Le rêve de Claude NASSIET serait d'aller dans des lieux abandonnés, vieilles chapelles, ruines de châteaux... pour y mettre en scène ses boîtes, ou bien de les plonger dans une ambiance musicale, de faire intervenir acteurs ou récitants. Ou encore d'inventer des itinéraires pour les spectateurs, de réaliser, en somme, un spectacle total, un théâtre où vie et création seraient indissociables !
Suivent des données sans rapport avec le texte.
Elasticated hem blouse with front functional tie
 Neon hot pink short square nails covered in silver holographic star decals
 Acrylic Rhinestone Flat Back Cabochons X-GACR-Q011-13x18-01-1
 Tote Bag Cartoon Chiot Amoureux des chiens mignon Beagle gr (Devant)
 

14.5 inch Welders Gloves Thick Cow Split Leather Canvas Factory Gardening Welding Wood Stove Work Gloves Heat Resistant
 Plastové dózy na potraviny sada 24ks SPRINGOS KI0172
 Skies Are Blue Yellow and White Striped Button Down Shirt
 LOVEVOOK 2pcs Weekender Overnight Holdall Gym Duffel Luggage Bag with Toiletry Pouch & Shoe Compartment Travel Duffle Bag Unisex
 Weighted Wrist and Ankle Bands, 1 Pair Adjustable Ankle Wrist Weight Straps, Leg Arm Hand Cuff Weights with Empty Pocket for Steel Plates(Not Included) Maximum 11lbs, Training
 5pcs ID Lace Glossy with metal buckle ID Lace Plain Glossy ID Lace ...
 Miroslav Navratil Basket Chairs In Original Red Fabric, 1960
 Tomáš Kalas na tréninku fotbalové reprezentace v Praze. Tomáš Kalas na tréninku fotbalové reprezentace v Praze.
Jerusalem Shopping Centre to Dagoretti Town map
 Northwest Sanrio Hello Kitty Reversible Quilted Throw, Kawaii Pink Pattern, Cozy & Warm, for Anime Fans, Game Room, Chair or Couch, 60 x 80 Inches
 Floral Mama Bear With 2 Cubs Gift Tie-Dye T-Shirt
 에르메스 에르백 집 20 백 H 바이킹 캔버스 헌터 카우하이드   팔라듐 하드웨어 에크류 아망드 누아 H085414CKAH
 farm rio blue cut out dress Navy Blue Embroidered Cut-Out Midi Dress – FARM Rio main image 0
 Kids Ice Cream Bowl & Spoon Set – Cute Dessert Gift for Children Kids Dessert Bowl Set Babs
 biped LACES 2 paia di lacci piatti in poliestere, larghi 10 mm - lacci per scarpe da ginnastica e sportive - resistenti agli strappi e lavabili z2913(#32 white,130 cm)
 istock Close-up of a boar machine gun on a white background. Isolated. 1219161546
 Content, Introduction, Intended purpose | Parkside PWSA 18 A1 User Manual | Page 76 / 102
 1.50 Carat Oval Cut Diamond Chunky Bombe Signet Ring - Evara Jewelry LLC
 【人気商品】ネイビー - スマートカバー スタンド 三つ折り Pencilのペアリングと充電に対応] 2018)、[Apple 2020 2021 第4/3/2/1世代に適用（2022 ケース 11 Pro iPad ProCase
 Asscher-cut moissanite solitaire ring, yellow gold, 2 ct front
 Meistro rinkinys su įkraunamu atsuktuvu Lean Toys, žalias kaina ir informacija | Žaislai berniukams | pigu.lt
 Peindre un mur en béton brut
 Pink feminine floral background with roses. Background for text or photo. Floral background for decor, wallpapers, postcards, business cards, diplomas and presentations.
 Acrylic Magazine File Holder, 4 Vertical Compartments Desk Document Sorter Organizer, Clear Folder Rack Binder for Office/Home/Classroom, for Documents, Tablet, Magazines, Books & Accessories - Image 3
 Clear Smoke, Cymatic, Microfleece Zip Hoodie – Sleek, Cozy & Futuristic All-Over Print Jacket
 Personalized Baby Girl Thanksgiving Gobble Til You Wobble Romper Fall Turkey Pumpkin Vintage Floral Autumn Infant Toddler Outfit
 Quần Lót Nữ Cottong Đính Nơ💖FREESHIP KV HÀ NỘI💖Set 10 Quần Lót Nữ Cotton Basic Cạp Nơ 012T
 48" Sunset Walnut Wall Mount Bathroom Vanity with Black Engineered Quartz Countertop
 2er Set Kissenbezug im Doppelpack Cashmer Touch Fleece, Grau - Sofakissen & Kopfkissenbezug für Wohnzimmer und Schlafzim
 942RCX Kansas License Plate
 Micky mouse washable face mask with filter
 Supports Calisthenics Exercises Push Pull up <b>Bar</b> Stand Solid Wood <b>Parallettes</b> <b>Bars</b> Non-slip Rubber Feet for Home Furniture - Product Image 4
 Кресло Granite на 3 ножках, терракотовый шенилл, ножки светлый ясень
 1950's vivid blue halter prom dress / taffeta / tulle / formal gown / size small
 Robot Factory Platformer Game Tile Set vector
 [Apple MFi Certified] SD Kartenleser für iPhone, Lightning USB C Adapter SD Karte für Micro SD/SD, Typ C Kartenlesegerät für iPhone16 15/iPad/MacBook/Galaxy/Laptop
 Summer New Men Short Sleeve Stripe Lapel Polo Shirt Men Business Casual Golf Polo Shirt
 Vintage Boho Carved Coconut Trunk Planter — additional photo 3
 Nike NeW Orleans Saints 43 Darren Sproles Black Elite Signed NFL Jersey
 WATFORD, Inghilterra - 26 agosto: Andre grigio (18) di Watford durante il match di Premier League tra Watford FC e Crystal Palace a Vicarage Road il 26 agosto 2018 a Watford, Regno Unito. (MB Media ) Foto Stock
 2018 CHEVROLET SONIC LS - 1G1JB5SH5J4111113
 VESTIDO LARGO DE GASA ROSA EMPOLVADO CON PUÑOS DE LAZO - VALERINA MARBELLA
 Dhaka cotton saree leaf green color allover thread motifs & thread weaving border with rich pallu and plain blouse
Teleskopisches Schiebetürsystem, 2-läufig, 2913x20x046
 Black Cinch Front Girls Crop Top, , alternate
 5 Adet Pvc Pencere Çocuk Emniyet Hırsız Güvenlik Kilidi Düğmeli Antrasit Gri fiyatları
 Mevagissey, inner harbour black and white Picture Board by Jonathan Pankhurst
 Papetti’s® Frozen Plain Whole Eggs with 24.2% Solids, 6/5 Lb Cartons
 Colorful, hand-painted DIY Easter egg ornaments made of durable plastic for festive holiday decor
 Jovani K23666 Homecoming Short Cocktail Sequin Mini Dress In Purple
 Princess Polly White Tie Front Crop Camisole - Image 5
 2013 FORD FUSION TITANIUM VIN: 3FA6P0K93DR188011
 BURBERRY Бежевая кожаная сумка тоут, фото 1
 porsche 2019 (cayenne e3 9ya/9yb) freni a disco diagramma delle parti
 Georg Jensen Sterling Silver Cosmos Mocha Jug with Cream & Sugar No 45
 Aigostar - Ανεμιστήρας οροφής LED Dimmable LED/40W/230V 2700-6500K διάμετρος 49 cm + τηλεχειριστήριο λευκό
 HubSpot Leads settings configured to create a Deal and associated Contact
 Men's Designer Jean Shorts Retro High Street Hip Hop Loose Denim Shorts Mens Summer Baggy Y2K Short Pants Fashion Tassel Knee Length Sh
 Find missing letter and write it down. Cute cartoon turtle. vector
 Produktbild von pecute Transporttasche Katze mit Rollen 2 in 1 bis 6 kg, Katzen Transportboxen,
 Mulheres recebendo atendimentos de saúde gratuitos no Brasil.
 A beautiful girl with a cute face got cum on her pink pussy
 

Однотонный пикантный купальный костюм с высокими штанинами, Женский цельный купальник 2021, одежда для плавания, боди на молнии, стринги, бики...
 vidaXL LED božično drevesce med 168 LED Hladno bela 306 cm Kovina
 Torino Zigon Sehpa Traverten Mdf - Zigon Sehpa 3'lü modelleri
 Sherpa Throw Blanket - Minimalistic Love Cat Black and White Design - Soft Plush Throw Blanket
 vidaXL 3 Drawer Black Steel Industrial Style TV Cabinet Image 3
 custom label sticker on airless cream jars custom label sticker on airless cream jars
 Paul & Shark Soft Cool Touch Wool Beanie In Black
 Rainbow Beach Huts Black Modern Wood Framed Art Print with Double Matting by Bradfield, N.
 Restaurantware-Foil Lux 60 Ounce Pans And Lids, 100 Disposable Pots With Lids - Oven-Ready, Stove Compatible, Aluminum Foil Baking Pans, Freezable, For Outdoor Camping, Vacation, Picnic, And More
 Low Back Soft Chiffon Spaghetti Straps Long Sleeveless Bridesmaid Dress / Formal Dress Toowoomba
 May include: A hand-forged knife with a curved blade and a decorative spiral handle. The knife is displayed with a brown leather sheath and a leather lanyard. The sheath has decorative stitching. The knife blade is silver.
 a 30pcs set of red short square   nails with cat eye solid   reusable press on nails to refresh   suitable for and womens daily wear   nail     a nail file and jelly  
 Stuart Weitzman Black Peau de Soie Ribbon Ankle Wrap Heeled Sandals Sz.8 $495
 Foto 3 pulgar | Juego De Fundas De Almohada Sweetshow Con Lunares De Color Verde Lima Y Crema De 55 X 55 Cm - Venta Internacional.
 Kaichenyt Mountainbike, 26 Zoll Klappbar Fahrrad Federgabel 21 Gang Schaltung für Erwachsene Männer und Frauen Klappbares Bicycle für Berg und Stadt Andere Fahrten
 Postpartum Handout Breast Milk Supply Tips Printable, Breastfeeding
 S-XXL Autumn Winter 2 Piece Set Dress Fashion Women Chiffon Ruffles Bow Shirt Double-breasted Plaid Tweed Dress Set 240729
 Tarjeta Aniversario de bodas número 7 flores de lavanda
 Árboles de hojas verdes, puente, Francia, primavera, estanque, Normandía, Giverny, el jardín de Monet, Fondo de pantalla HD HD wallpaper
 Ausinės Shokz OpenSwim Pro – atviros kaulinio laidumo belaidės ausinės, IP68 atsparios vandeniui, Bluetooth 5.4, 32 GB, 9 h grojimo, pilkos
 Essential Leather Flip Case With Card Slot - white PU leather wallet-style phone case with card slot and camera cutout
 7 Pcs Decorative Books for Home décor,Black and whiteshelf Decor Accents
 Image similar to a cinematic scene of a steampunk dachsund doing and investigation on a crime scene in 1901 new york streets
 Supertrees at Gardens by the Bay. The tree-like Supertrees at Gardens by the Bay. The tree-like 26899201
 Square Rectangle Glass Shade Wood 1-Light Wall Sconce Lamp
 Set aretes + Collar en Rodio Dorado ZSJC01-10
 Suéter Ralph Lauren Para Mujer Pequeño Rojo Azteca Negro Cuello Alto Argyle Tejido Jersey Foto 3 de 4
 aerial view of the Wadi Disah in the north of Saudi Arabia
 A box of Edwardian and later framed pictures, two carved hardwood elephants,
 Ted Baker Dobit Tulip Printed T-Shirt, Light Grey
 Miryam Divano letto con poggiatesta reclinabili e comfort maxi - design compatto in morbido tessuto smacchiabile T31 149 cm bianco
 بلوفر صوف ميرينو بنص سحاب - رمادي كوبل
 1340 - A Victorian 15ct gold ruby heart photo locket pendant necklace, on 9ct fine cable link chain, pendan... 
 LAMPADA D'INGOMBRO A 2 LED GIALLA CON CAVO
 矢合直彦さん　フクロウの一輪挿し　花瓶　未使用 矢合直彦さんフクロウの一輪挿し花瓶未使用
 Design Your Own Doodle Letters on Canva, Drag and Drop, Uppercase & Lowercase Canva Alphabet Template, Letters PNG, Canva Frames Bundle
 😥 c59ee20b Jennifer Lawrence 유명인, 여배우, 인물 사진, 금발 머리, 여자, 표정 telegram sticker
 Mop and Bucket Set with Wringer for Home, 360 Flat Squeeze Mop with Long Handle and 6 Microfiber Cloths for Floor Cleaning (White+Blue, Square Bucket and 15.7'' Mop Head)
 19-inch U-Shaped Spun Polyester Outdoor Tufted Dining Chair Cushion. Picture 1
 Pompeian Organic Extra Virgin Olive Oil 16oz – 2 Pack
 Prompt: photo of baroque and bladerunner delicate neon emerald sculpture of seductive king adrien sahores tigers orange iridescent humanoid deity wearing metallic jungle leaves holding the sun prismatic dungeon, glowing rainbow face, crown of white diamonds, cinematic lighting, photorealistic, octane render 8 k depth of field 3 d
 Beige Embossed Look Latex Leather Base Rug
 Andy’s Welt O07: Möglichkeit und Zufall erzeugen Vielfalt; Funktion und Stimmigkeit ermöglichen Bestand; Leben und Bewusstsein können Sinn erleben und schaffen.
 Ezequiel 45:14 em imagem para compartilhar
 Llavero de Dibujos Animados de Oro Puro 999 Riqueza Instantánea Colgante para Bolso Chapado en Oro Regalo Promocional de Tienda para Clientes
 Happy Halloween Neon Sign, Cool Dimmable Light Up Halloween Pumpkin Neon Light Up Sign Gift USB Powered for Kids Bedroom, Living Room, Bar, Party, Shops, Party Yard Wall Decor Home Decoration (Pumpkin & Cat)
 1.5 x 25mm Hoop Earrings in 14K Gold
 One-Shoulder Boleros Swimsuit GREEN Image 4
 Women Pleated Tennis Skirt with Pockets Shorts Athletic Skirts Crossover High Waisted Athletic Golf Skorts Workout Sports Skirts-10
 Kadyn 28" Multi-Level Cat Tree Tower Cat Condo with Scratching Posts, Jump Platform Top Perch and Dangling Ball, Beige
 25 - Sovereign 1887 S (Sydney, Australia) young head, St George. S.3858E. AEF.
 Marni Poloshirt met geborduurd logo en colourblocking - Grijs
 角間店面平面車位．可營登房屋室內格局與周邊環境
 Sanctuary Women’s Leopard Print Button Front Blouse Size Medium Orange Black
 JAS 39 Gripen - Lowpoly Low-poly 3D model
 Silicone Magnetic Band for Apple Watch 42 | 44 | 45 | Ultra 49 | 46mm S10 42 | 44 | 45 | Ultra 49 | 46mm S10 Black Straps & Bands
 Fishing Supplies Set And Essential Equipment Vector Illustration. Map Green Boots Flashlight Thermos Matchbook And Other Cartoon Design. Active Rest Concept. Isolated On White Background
          Il faut avouer que ce qu’elle a baptisé “boîtes”-coffrets matérialisés ou simples supports-se prêterait tout à fait à cette sorte de "happening", parce que chacune raconte une histoire, retrace un épisode littéraire, témoigne d’une infatigable quête de la part de l’artiste, d’une curiosité insatiable à l’égard des objets de rebut abandonnés par les autres, jetés ou vendus.

 

          L’originalité de Claude Nassiet consiste à restituer à ces objets leur vie perdue. Par exemple un roseau rapporté d’un voyage à une époque où un atroce accident ne l’avait pas encore clouée dans son fauteuil, ne s’est-il pas épanoui, des années plus tard, lorsqu'elle l’a intégré à l’une de ses boîtes-surprise ?

Mais Claude Nassiet ne s’arrête pas là. Elle restitue aussi à ces objets leur beauté parfois surannée, les associe de façon insolite, joue de leurs disproportions et de leurs disparités pour recréer d’étranges accouplements. Ce faisant, elle fait jaillir, par des rapprochements insolites, des sens nouveaux, un peu comme un psychanalyste reconstitue une histoire à partir de fragments de rêves de son patient !

 

          Elle sait également susciter du suspense ! Car le spectateur le plus attentif ne peut, d’un seul regard, percer le mystère tout entier de chaque boîte. Il doit s’en approcher pas à pas et l’investir petit à petit.

          Ainsi, Alice au Pays des Merveilles se présente-t-elle comme un ancien cadre de photographe fixé sur une planche couverte de “traces nuageuses” claires ou sombres  -métaphore pour le jour et la nuit ?-  peintes par l’artiste avec les doigts. De fines fleurs en dentelle collées sur du tulle créent une sorte de labyrinthe. Deux fuseaux, fixés verticalement, en suggèrent l’entrée. Au-dessus et au-dessous du cadre, douze ensembles de minuscules fèves de galettes des rois égrènent le passage du temps !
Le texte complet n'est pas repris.